§ **Extracted entries**
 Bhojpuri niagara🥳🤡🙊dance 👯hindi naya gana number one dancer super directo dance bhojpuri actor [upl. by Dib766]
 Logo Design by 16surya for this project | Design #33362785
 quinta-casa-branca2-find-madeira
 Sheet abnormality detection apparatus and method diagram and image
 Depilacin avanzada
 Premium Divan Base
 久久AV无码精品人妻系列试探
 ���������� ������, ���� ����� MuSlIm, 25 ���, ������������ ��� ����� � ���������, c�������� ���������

§ **Aim of the task**
The requested lines run from the one with "Depilacin avanzada" through the last line of the records. Return them exactly.

§ **Exercise output**
 Depilacin avanzada
 Premium Divan Base
 久久AV无码精品人妻系列试探
 ���������� ������, ���� ����� MuSlIm, 25 ���, ������������ ��� ����� � ���������, c�������� ���������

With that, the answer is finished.